Existing simultaneously with this complexity is the simple truth that successful biomedical research involving human subjects or specimens relies on steady access to willing participants. This is particularly true for cohort studies, which recruit from the general population, require retention of participation over very long time frames (several decades) and operate using broad consent due to the open nature of epidemiological endeavors.
Unfortunately, participation rates, both in cohort studies specifically and epidemiologic research generally, have been decreasing, rendering it critical to thoroughly understand why individuals make the decision to participate and to remain engaged. To this end, Nobile et al. (2016) recently performed a qualitative interview study to assess the crucial elements that govern the decision to participate in a cohort study with an attached biobank.1
The research team randomly selected 31 participants from two different German cohort studies: the German National Cohort (currently in its test phase; 15 participants) and the European Prospective Investigation into Cancer and Nutrition (more than 10 years into the study; 16 participants). They then invited these individuals to a semi-structured interview covering six main points:
- The first feelings elicited by receipt of the invitation to the cohort study
- The factors involved in the decision to enroll (including contextual elements)
- Potential expectations associated with participation
- Feelings and awareness about the biobanking aspect of the study
- Perceptions of potential risks associated with participation
- Personal experience with receiving study information and the informed consent process
The researchers report that participants from both cohort studies described the motivation to participate and remain in the study using similar language. The interviewees indicated that participation resulted from both intrinsic personality features (e.g., optimism, curiosity) and core values (e.g., solidarity, reciprocity). They also stated that they had weighed the costs and benefits of participation, including personal benefits like access to personal health data and perceived benefits to society like enhanced scientific knowledge and improved public health outcomes. Interestingly, the research team indicates that, while participants mentioned reviewing potential risks, actual perceptions of risks were that they were remote and unlikely. In general, the researchers observed that participants did not scrutinize the study literature but instead relied on personal beliefs about risks and benefits rather than objective data.
The notion of solidarity heavily influenced participant motivation in this study, which the research team links to the centrality of this value in German society. They note the established increase in likelihood to participate in research in welfare states with solidarity-based policies (e.g., Germany, Scandinavia).
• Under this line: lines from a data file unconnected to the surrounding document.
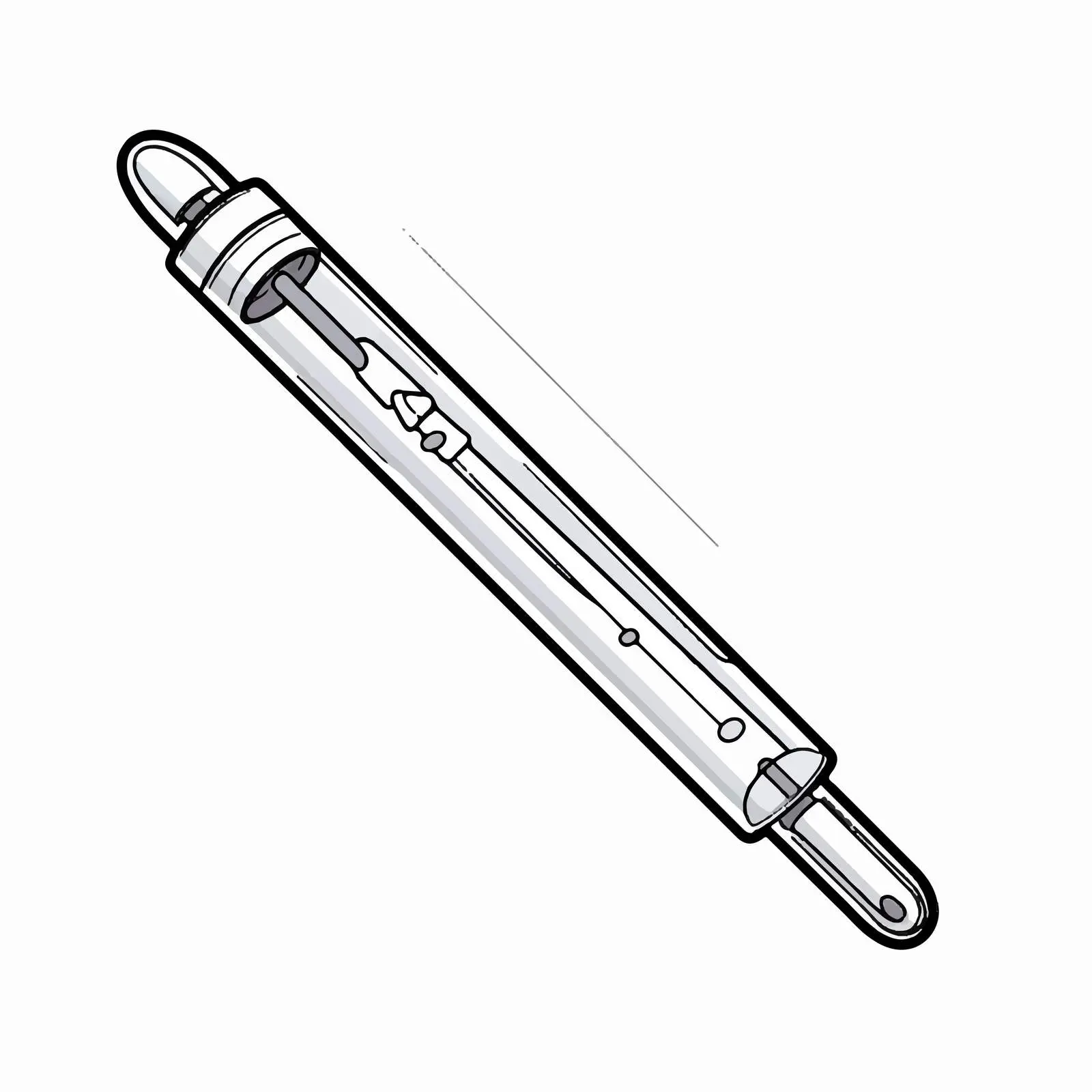 Cartoon Pipette Outline Vector Illustration — free download from Dotvec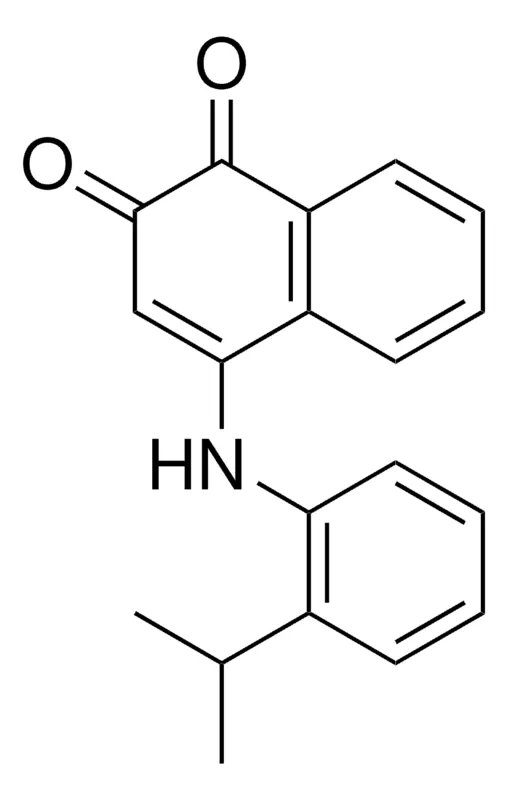 Sigma-Aldrich 4-(2-ISOPROPYLANILINO)-1,2-NAPHTHALENEDIONE,AldrichCPR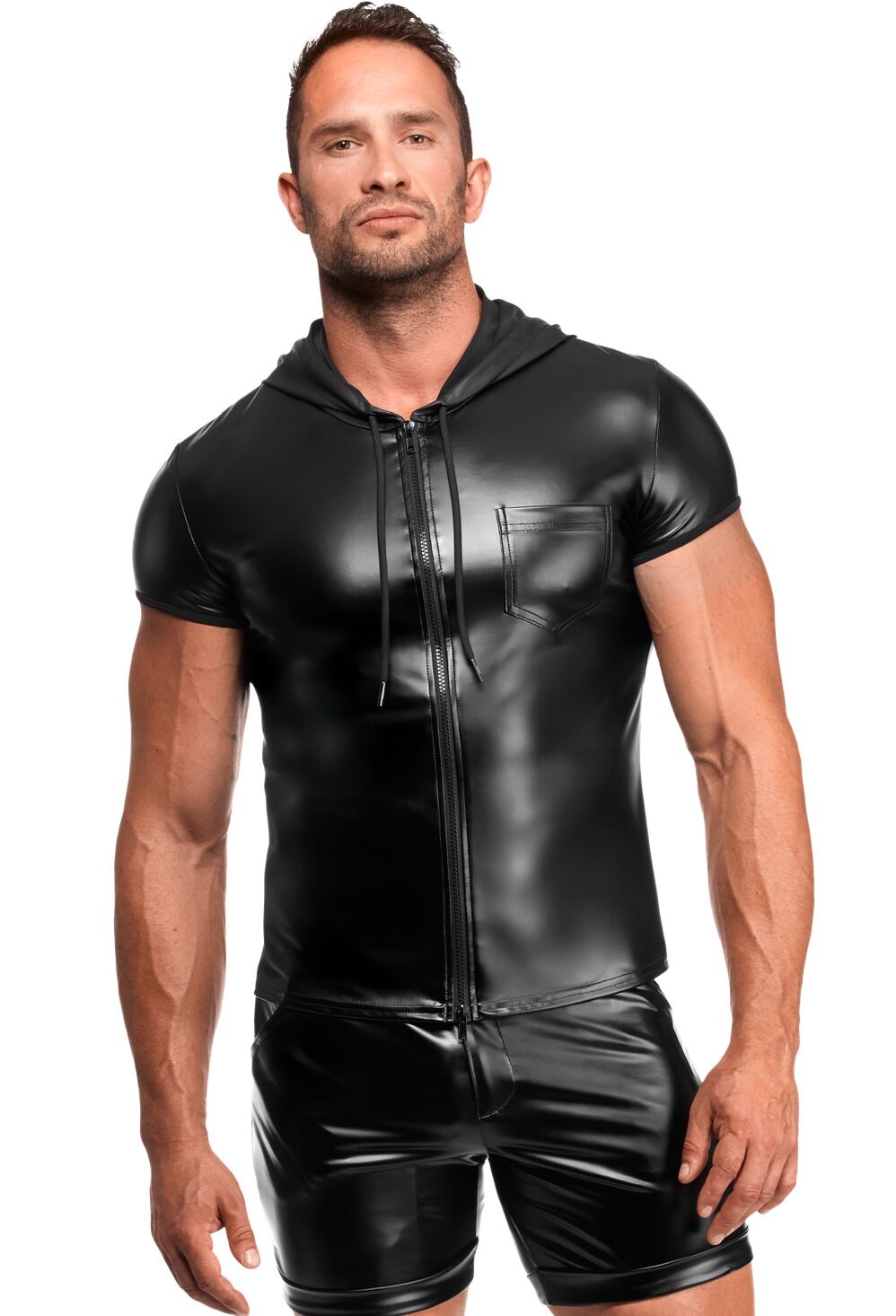 Чоловіча футболка з капюшоном Noir Handmade H085 Vexen hooded T-shirt L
Perhaps the most significant finding to emerge from this study pertains to the notion of trust. The authors report three iterations of this concept underlying the decision to participate in the cohort studies:
- An intuitive predisposition to be trusting as a personality feature
- Institutional trust in response to institutional cues like reputation and funding
- Long-term trust in response to ongoing study participation and relationships with researchers and staff
Nobile et al. indicate that identifying trust as a major motivator is not unexpected but carries distinct responsibility on the parts of the researchers and institutions involved. They state that the findings here suggest the need for an in-depth examination of the trust itself to ensure it is legitimately placed and free from potential abuse.
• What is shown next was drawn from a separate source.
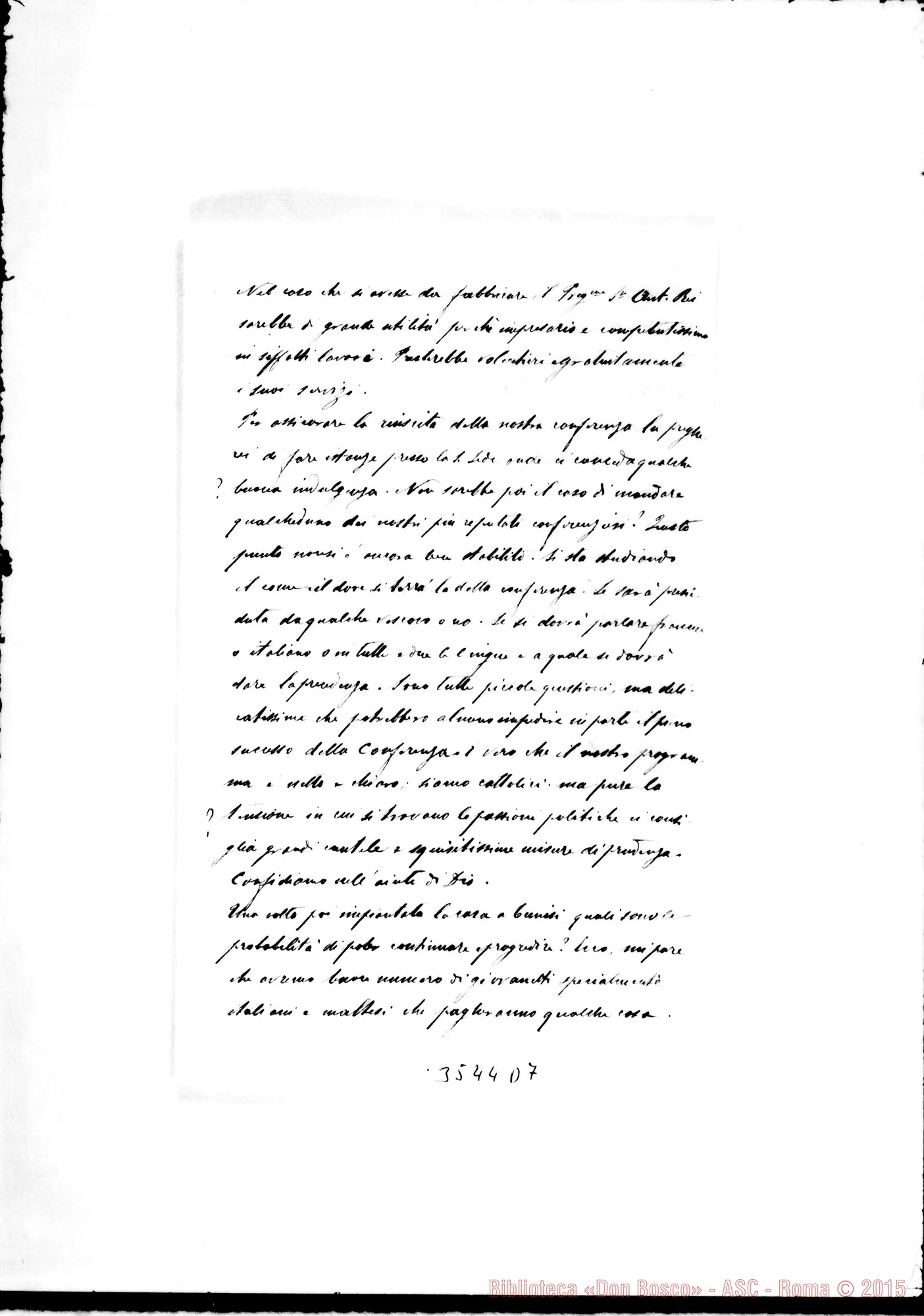 Fotogramma D 7 — Don Josephidi-Amat.mo Padre. La Marsa, 15-04-1895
Overall, the research team offers this study as a first exploration of motivation to participate in cohort studies from two perspectives (recently recruited participants as well as long-term participants). They stress that the findings here ought not be generalized but instead serve as a description of the perceptions of the specific individuals interviewed. They further indicate that stakeholders in cohort studies should take steps to acknowledge the role trust plays in participant decision-making and ensure that the response to this trust meets ethical standards.
1. Nobile, H., et al. (2016) “Participants’ accounts on their decision to join a cohort study with an attached biobank: A qualitative content analysis study within two German studies,” Journal of Empirical Research on Human Research Ethics, 11(3) (pp. 237–249), doi: 10.1177/1556264616657463.